Gran parte de la obra de Klimt se perdió durante la Segunda Guerra Mundial, tanto por la expropiación nazi, como por la explosión del castillo donde muchas de ellas estaban guardadas.

Gustav Klimt nació en Viena en 1862 en el seno de una familia muy humilde. Estudió en la Escuela de Artes y Oficios de Viena. De su padre heredó el oficio, ya que él había sido grabador; y junto a su hermano Ernest fundó una compañía de artistas.

Klimt trascendió en el mundo del arte por el halo de esplendor que emanaban sus cuadros, quién no recuerda la evanescencia de “La Judith” o el fulgor de “El beso”, por nombrar algunas.
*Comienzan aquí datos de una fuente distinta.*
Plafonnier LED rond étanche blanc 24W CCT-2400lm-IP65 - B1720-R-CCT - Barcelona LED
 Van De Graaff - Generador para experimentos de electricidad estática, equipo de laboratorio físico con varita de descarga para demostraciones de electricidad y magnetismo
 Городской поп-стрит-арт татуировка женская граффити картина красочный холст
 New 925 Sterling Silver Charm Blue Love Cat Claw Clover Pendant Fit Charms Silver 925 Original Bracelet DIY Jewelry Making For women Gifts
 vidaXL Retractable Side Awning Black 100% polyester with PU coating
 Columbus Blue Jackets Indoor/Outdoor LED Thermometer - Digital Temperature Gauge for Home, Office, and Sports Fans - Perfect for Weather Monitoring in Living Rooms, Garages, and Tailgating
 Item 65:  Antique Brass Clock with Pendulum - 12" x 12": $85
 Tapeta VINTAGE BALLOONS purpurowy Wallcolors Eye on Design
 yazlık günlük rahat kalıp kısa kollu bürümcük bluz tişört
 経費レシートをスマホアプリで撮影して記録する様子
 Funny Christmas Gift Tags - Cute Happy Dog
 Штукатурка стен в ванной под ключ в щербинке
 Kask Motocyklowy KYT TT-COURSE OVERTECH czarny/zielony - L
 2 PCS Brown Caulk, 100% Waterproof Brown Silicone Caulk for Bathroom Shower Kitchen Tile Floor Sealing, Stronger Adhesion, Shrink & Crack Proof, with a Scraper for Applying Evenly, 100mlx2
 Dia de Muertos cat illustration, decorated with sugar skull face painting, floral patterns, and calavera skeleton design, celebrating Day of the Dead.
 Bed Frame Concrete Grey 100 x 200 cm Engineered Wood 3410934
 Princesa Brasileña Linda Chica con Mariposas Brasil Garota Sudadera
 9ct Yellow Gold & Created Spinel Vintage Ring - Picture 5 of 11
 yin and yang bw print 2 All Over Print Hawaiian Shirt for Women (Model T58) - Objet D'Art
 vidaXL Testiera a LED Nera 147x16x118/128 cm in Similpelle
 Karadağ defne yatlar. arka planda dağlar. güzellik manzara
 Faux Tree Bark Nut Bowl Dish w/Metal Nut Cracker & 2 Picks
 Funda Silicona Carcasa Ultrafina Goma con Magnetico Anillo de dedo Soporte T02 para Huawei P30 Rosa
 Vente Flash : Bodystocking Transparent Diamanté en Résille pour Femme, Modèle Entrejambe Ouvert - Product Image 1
Formó parte de la corriente estética de la Secesión de Viena, vertiente del art nouveau y se caracterizó por la democratización del arte en cada estamento de la vida: pintura, aquietectura, mobiliario, objetos y ornamentación. Los temas de sus obras reflejan una inquietud por el sexo opuesto: los desnudos son recurrentes y la simbología femenina está impresa en todos sus estadíos. Cuentan sus biógrafos que el interés de Klimt por la simbología podría tener sus raíces en la obra del pintor belga Fernand Khnopff.

Como artista del art nouveau también realizó numerosos murales, objetos de decoración y bocetos. Quizás su trabajo más importante en el arte decorativo sean las pinturas del techo del Aula Magna de la Universidad de Viena.

Murío de un derrame cerebral en 1918.